Probability and Statistics
The probability blog focuses on topics that are usually covered in an undergraduate sequence on probability and statistics. Particular emphasis is paid to various discrete and continuous probability models as well as basic methods and notions in probability. Some of the probability models are Poisson distribution, binomial distribution, negative binomial distribution and hypergeometric distribution as well as exponential distribution, gamma distribution, lognormal distribution among others. The basic probability methods include conditional probability, conditional distribution, hazard rate function and order statistics, among others. Based on the discussion on order statistics, the blog also has some contents on non-parametric inference.
Another major focus is on classic problems in probability. Examples include the matching problem, the occupancy problem, the birthday problem, gambler’s ruin, the problem of points, coupon collector problem and Monty Hall problem.
Topics in Probability
Topics in Probability. This is a blog to cover topics more advanced than the general blog in probability. The current focus is on stochastic processes, in particular Markov chains and random walks.

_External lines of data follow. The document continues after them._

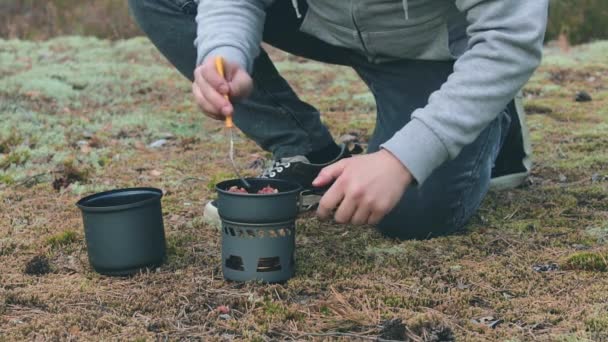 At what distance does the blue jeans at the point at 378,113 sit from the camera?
2633mm

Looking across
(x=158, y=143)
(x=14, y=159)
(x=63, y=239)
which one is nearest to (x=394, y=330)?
(x=63, y=239)

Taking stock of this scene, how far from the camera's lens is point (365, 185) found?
6.32 feet

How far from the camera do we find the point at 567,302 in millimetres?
2070

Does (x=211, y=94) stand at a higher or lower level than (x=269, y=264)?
higher

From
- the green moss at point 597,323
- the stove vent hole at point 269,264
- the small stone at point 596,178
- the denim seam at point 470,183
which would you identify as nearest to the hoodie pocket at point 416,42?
the denim seam at point 470,183

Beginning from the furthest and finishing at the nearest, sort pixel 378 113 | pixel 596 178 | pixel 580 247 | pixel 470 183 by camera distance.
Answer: pixel 596 178, pixel 378 113, pixel 470 183, pixel 580 247

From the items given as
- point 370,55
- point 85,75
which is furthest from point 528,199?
point 85,75

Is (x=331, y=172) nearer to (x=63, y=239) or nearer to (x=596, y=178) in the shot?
(x=63, y=239)

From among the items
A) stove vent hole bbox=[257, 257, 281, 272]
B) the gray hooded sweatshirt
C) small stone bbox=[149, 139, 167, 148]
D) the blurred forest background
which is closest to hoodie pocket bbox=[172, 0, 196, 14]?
the gray hooded sweatshirt

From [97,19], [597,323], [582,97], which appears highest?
[597,323]

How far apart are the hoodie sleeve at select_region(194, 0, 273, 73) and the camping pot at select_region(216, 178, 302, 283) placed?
420 millimetres

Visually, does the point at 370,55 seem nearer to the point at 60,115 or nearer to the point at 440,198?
the point at 440,198

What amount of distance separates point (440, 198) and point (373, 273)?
1.47ft

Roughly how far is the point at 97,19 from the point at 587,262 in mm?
10845
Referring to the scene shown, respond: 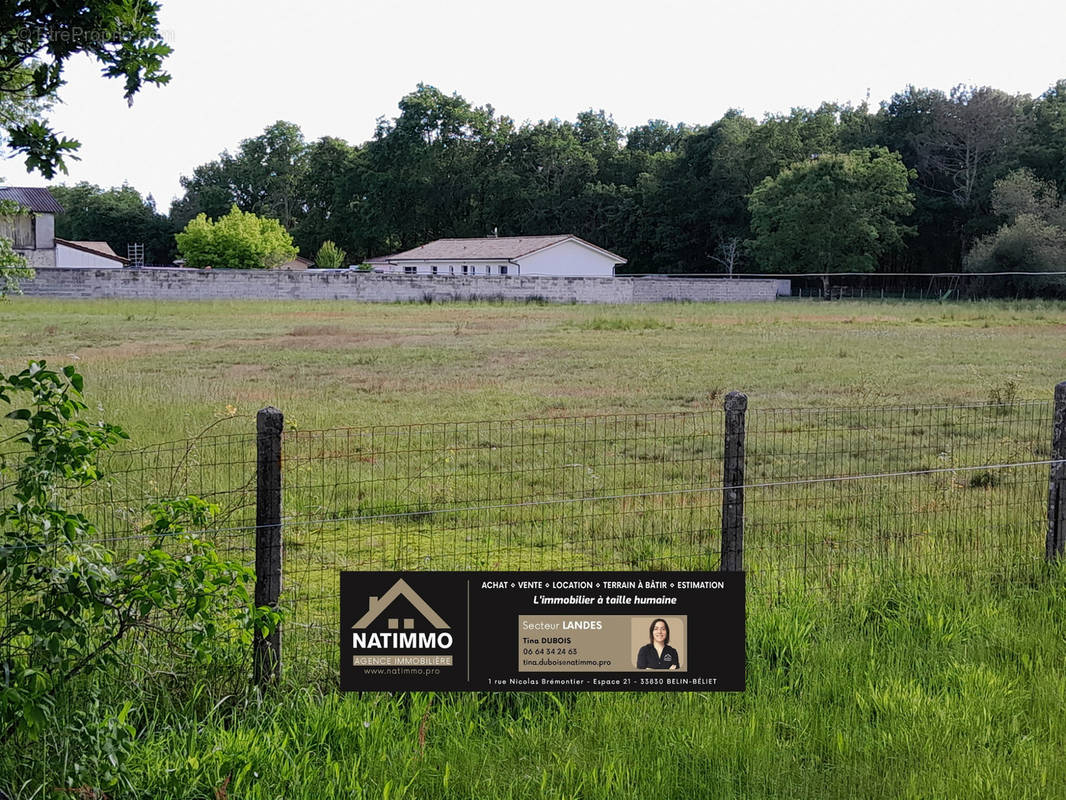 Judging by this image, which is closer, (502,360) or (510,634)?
(510,634)

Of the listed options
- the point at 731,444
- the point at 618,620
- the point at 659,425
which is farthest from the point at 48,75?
the point at 659,425

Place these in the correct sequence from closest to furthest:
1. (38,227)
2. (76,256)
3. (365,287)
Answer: (365,287)
(38,227)
(76,256)

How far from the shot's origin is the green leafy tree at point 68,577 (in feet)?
13.7

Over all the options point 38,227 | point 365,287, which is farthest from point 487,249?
point 38,227

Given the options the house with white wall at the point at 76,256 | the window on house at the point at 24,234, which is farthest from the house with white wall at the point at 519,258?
the window on house at the point at 24,234

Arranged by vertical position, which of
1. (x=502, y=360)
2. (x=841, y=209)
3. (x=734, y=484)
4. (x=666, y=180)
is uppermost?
(x=666, y=180)

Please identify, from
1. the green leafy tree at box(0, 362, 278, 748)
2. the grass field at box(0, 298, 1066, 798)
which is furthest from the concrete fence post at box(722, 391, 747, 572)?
the green leafy tree at box(0, 362, 278, 748)

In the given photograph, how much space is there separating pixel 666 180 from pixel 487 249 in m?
16.7

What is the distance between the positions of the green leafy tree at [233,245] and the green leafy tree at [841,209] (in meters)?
40.0

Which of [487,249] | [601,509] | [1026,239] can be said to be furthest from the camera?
[487,249]

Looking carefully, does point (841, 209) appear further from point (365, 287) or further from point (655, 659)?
point (655, 659)

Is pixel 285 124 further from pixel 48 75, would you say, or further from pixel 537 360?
pixel 48 75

The statistics blog is an outgrowth of courses I used to teach at a local community college. Thus the blog mirrors some of the contents from such a course. For example, the blog covers both descriptive statistics and inferential statistics.
The blog is data centered. Throughout the blog, real data is used as much as possible to illustrate the concepts and methods. For example, linear regression is illustrated by using close to 100 years of rainfall data in Los Angeles area. Data discussed in the blog include both quantitative data and categorical data.
On the descriptive statistics side, there are ample examples discussing how to make sense of data using graphs (e.g. histograms and stem-and-leaf plots) as well as using numerical measures, which include measures of center such as mean, median and 5-number summary and measures of spread such as standard deviation and interquartile range.
For measures of center, the mean is arithmetic (the sum of all data points divided by the number of data points) and the median is positional (the middle data point when the data is sorted). For measures of spread, standard deviation is arithmetic and interquartile range is positional. Which should be used as a numerical description of a data set? A great deal of emphasis is placed on the notion of resistant measures, which is central to the answer of this question.
Another area of emphasis in the blog is on normal distribution and statistical inference. The concepts of sampling distributions, hypotheses and p-value are gradually built up as tools for evaluating claims made on observed sample data.
The blog also focuses on production of data, i.e. data that come from observational studies versus data that come from experiments. In fact, the most viewed blog post is on designs of experiments.
Other topics include regression, analyzing the independence or dependence of two categorical variables using two-way tables (one example is based on the survival data of the passengers of Titanic) as well as a discussion of Benford’s law.
Another feature of the blog is the discussion of famous studies (examples: the Nun Study, the Collaborative Atorvastatin Diabetes Study (CARDS), the Diabetes Prevention Program (DPP)).